■ PROBLEM DETAILS: Exactly the lines from the one with "Island vector icon Stock Illustration" through the end of the records below are needed, minus any pictures.

○ ○ ○ ○

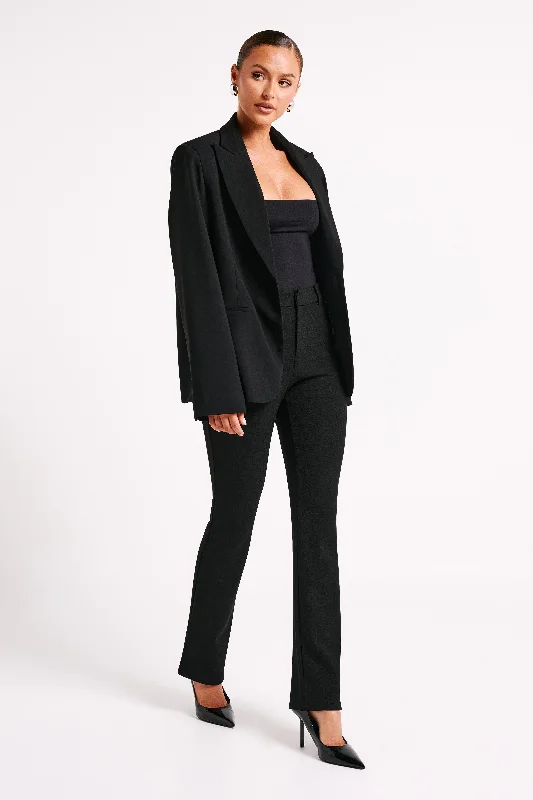 Bexley Oversized Blazer With Shoulder Pads - Black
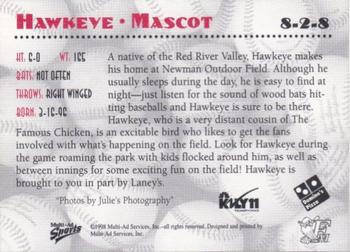 1998 Multi-Ad Fargo-Moorhead RedHawks #NNO Hawkeye Back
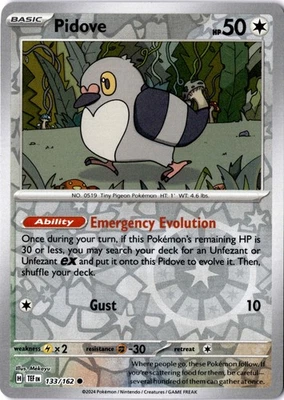 Pidove Revers Holo SV05: Temporal Forces 133/162 - Image 1 of 2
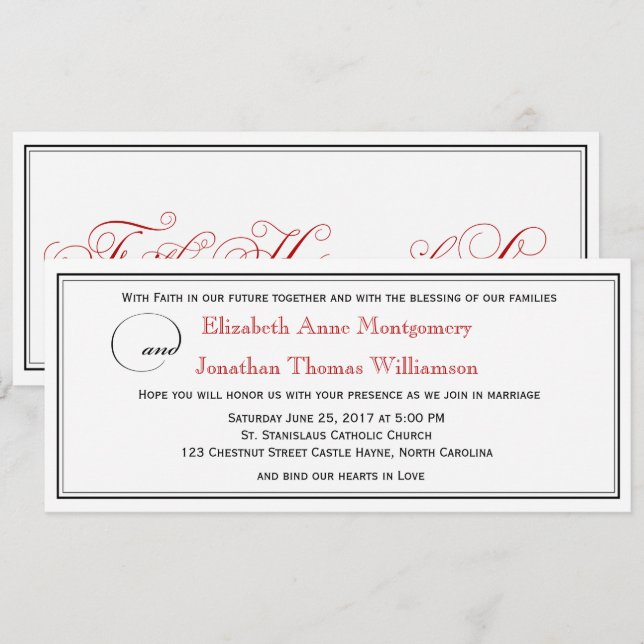 Elegant Red Faith Hope Love Wedding Invitation (Front/Back)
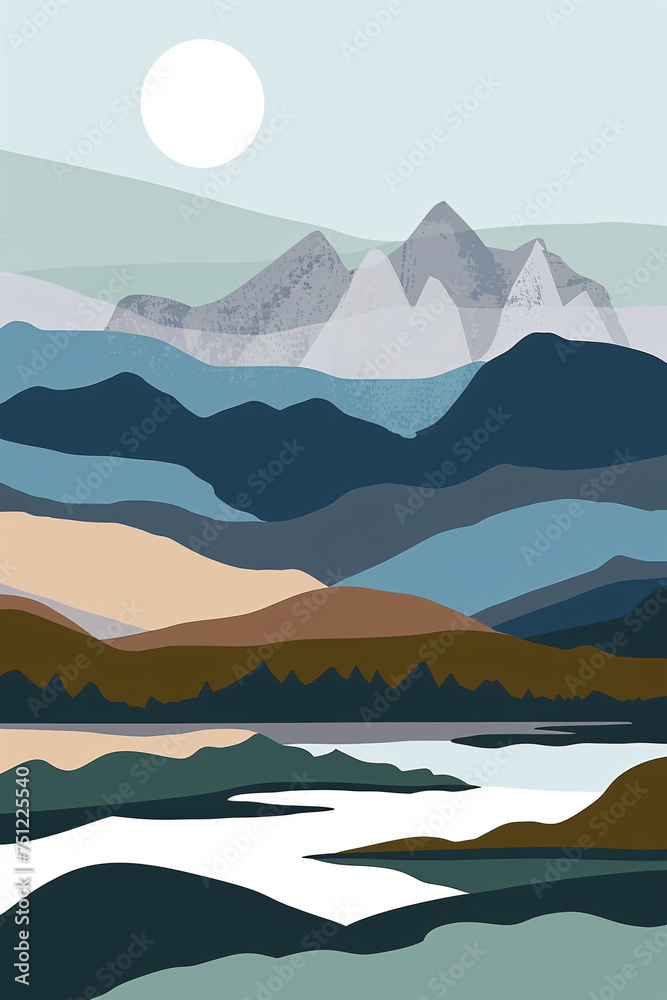 Trendy minimalist abstract landscape illustrations. hand drawn contemporary artistic posters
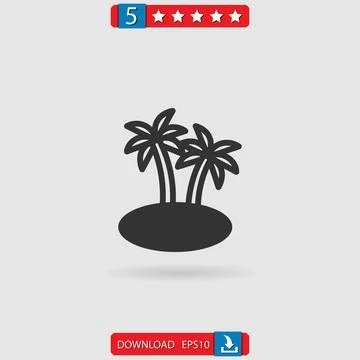 Island vector icon Stock Illustration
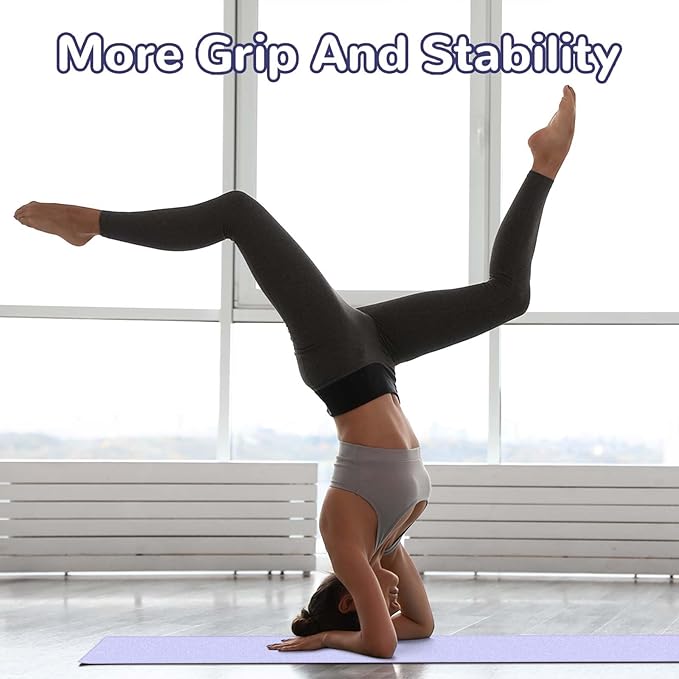 Peryiter 2pack 72 x 24'' Hot Yoga Towel Pack with Grip Dot, Sticky Fiber Mat Towels Non Slip for Hot Yoga, Absorbent Microfiber Sweat Anti-slip Cover for Pilates Exercise Fitness Workout(Light Purple)
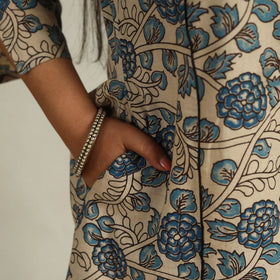 Beige - Printed Cotton A-Line Kalamkari Kurta 04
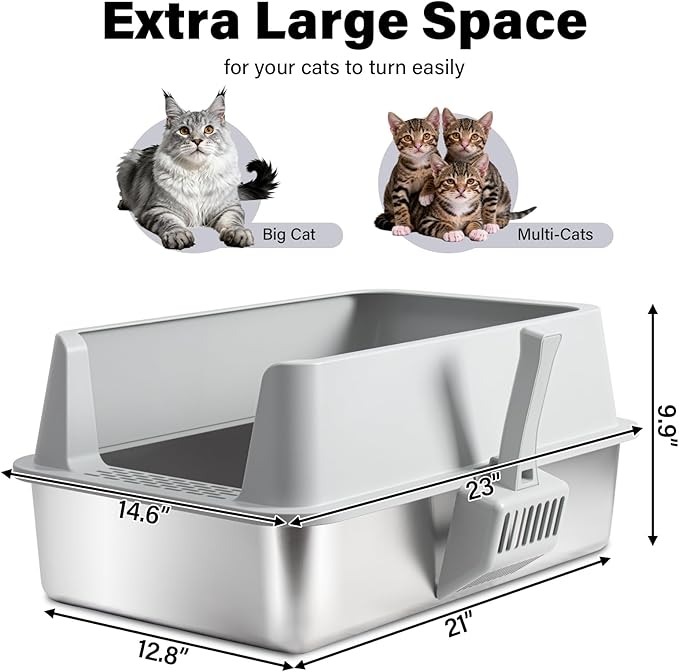 2Pack Stainless Steel Litter Box, XL Extra Large Cat Litter Boxes for Big Cats, Metal Litter Box with Lid High Sides, Leak-Proof, Never Absorbs Odors, Easy Cleaning, Non-Stick, Scoop Included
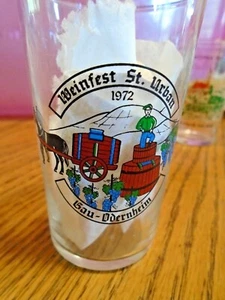 WEINFEST ST URBAN 1972 GAU ODERNHEIM GERMANY SHOT WINE GLASS WHISKEY BAR WARE - Picture 1 of 2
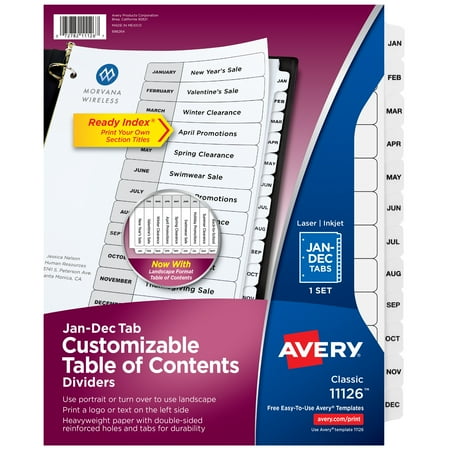 Ready Index Jan-Dec 12 Tab Dividers, Customizable TOC, 1 Set (11126)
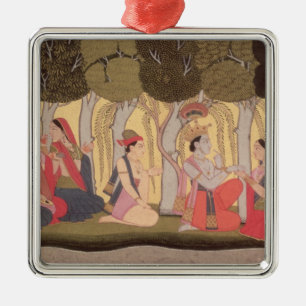 Radha en Krishna zitten in een grove, Kulu Metalen Ornament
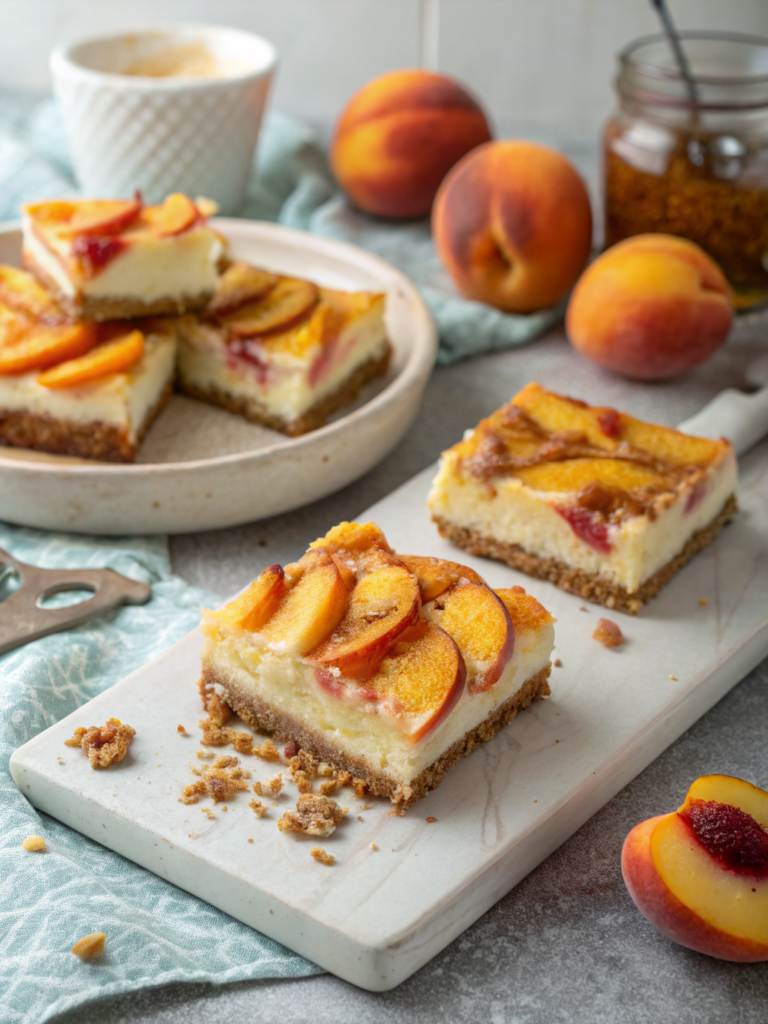 Peach Cobbler Cheesecake Bars Delight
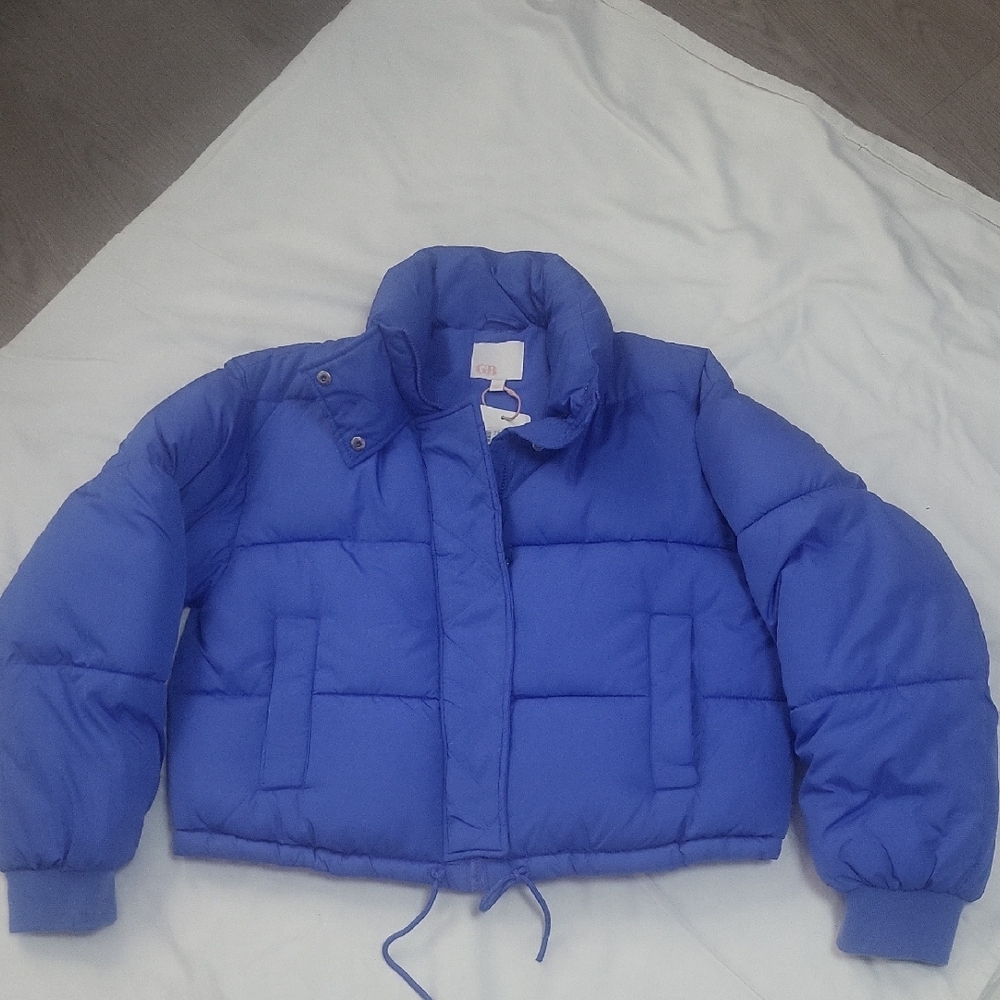 Womens Blue GB Cropped Puffer Jacket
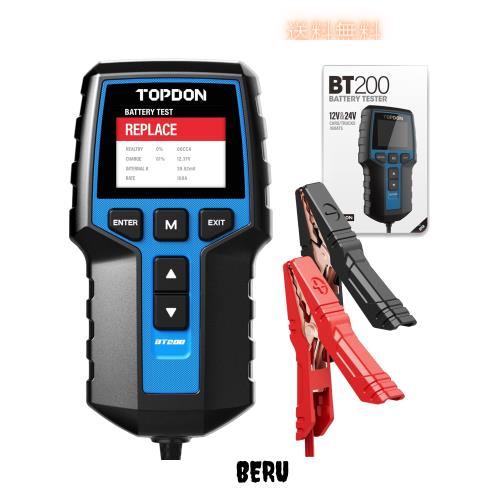 TOPDON BT200 バッテリーテスター 高精度100-2000CCAテスト AGM・ゲル・EFBバッテリー向け 日本語良否判定・CCA・SOH・SOC・電圧・内部抵の通販は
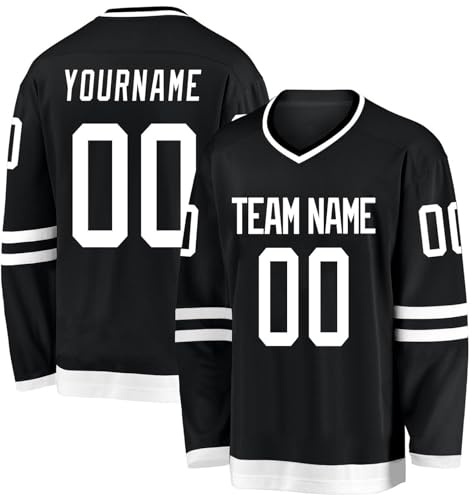 Maillot de Hockey Personnalisé Concevez Votre Maillot Hockey sur Glace Manches Longues Personnalisé avec Votre Nom/équipe/Numéro Personalised Training Clothing Noir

○ ○ ○ ○

■ EXPECTED ANSWER:
 Island vector icon Stock Illustration
 Peryiter 2pack 72 x 24'' Hot Yoga Towel Pack with Grip Dot, Sticky Fiber Mat Towels Non Slip for Hot Yoga, Absorbent Microfiber Sweat Anti-slip Cover for Pilates Exercise Fitness Workout(Light Purple)
 Beige - Printed Cotton A-Line Kalamkari Kurta 04
 2Pack Stainless Steel Litter Box, XL Extra Large Cat Litter Boxes for Big Cats, Metal Litter Box with Lid High Sides, Leak-Proof, Never Absorbs Odors, Easy Cleaning, Non-Stick, Scoop Included
 WEINFEST ST URBAN 1972 GAU ODERNHEIM GERMANY SHOT WINE GLASS WHISKEY BAR WARE - Picture 1 of 2
 Ready Index Jan-Dec 12 Tab Dividers, Customizable TOC, 1 Set (11126)
 Radha en Krishna zitten in een grove, Kulu Metalen Ornament
 Peach Cobbler Cheesecake Bars Delight
 Womens Blue GB Cropped Puffer Jacket
 TOPDON BT200 バッテリーテスター 高精度100-2000CCAテスト AGM・ゲル・EFBバッテリー向け 日本語良否判定・CCA・SOH・SOC・電圧・内部抵の通販は
 Maillot de Hockey Personnalisé Concevez Votre Maillot Hockey sur Glace Manches Longues Personnalisé avec Votre Nom/équipe/Numéro Personalised Training Clothing Noir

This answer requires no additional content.